Laut der offiziellen Veröffentlichung gehört die Herstellung von Caldosa in den Gemeinden zu den Initiativen des lokalen Handels, um sensiblen Institutionen in Zeiten von Stromausfällen und Schwierigkeiten zu unterstützen.
Die Bilder und die Botschaft jedoch stießen auf zahlreiche Kritiken von Nutzern der sozialen Medien, die die Prekarität, die in der Szene reflektiert wird, sowie den Ursprung der verwendeten Lebensmittel in Frage stellten.
„Eine Bodega, die kalte Suppe ‚spendet‘ – woher haben sie die Zutaten?
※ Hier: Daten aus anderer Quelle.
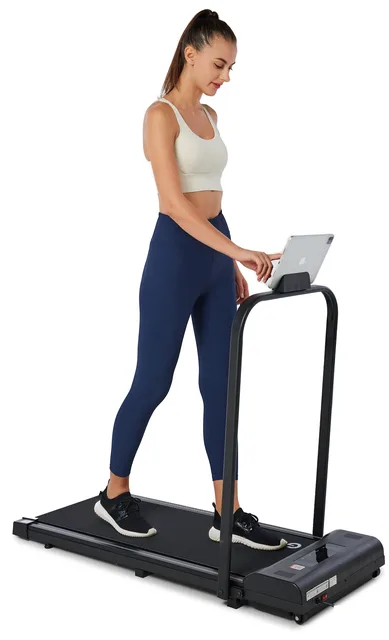 Pad Treadmill 260 lbs 48 lb adjustable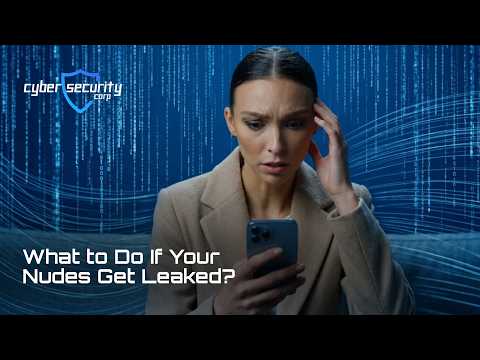 Who Leaked Cyberkittyxo's Private Information?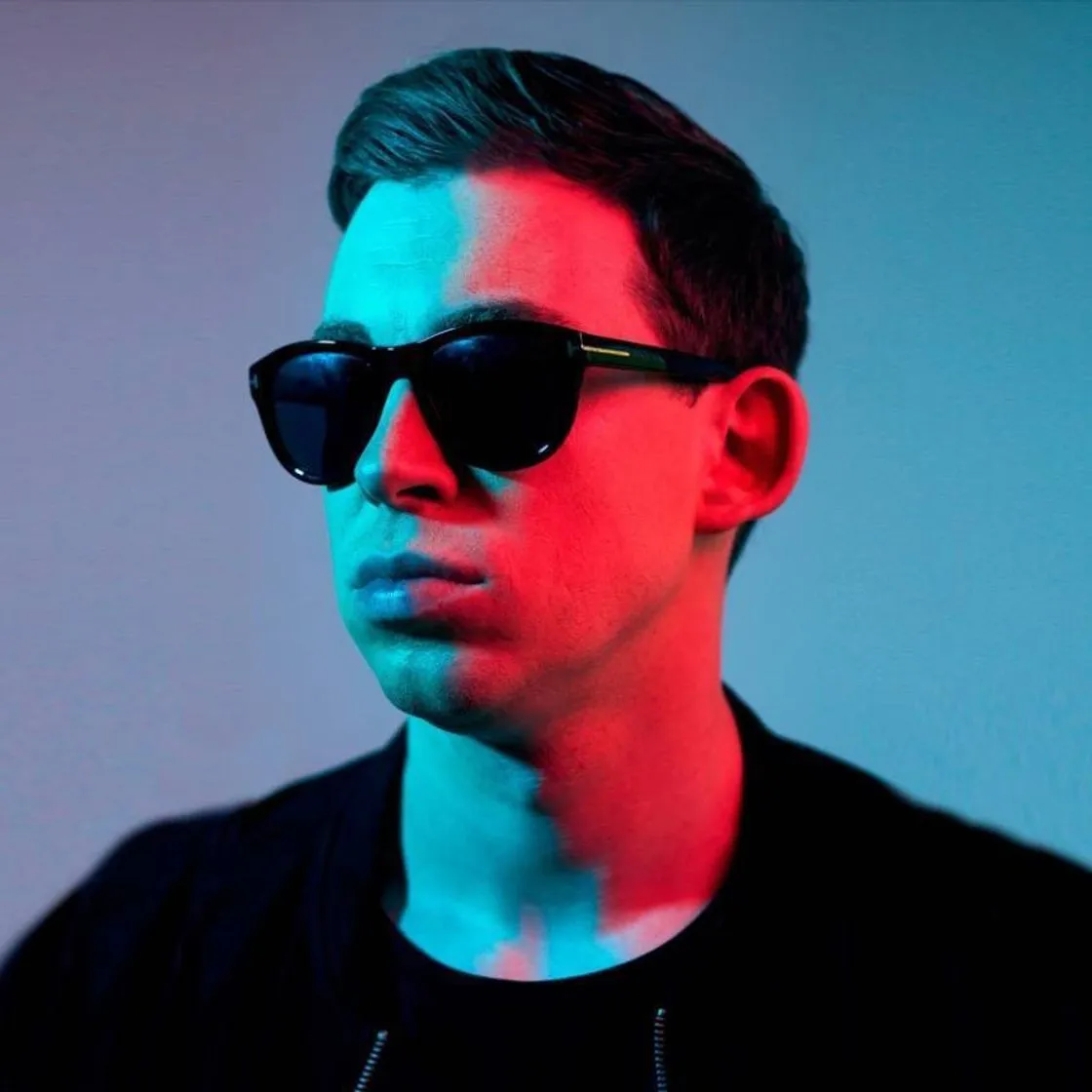 Hardwell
Das ist eine Umleitung von Ressourcen“, kommentierte Felipe Salazar Torres.
Andere Nutzer äußerten Traurigkeit oder Empörung. Clara Pérez schrieb: „Was für ein trauriges Land, das ist noch nie dagewesen“, während Reynier Flanders Paris die Situation als „Chroniken der Misere“ bezeichnete.
Es gab auch Kommentare, die in Frage stellten, dass eine solche Geste als Erfolg präsentiert wird. „Halten Sie das für einen Erfolg? Eine kalte Suppe“, bemerkte Uberlandi Montero.
Einige Nutzer verteidigten jedoch die Initiative. Castell Titica betrachtete es als „eine schöne Geste“, während Magdelay López die Bodeguera für die Aktion lobte.
Die Bilder und die daraus entstandene Debatte spiegeln das Klima der sozialen Frustration inmitten der wirtschaftlichen und ernährungsbedingten Krise wider, die das Land durchlebt, wo selbst kleine solidarische Gesten zum öffentlichen Streitpunkt werden.